Interessant dürfte auch die Zeit sein, in der das Album entstanden ist: 2001 ermordete das Ehepaar Ruda einen bekannten auf brutale Art und Weise. Beide waren Spinner, aber leider Spinner, die mit der schwarzen Szene in Verbindung gebracht wurden. Als Folge wurde medial ein großer Kübel Scheiße über die ganze Szene ausgekippt und deren Mitgliedern von Satanismus über rechte Ideologien so ziemlich alles böse unterstellt, was man finden konnte. Besonders hart hat es an der Stelle :Wumpscut: und Soko Friedhof erwischt, da sich am Fluchtauto bzw. der Wohnungstür der Täter Sticker der beiden Projekte befanden. Während Rudy Ratzinger das Ganze in einem eigenen Song verarbeitete, der eine Art Collage aus den beklopptesten Aussagen aus der Berichterstattung über den Fall war, wurde "Die Geschichte Eines Werwolfs" zumindest mehr oder weniger durch die Geschehnisse beeinflusst, auch wenn bis auf ein kurzes Zitat aus den Nachrichten in einem der Songs nie ganz so direkt auf den Fall eingegangen wird.

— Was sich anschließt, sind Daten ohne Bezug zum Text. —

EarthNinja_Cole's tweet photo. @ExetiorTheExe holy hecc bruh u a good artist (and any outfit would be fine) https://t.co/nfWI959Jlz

Aber kommen wir mal zum eigentlichen Album, denn da haben wir ein bisschen was vor uns. Ganze 18 Songs warten diesmal auf uns und auch wenn die Songlänge durch viele kürzere Songs und Interludes stark variiert, kommen wir am Ende auf ca. 1 Stunde Laufzeit. Los geht's mit dem Intro "Die Geschichte Eines Werwolfs" und… naja. Ich habe mich ja schon über das Intro von "Im Beichtstuhl Der Begierde" beschwert, aber das hier gibt mir noch weniger. Ich nenne es mal eher "Geräusche" mit einer stark verzerrten Stimme drüber. Ein bisschen cool ist, dass es zwischen den Songs immer mal wieder auftaucht und damit eine Art Themen für das Album bildet, aber es klingt schon ziemlich schrottig. Aber das war ja nur das Intro.

Wesentlich cooler wird es dann direkt mit "Ghosts Of Berlin" - eine unaufgeregte, melancholische Nummer, in der A. Line mit sehr tiefen und dunklen Vocals glänzen kann. Obwohl der Song recht kurz und simpel aufgebaut ist, trifft er bei mir direkt in's Schwarze. Mit dem "Totenkopfmausgedicht" haben wir dann ganz kurz ein wenig dunkle Lyrik, mit der ich wieder etwas weniger anfangen kann (wir hatten ja schon etabliert: ich bin dumm) und nachdem jetzt gerade mal einer von drei Tracks ein Song im engeren Sinne ist, könnte man sich so langsam Sorgen darüber machen, wie viel Musik wirklich in "Die Geschichte Eines Werwolfs" steckt, aber zum Glück wird es ab jetzt etwas melodischer und im Vergleich zu "Im Beichtstuhl Der Begierde" gibt es hier tatsächlich etwas weniger Ambient-Füllmaterial.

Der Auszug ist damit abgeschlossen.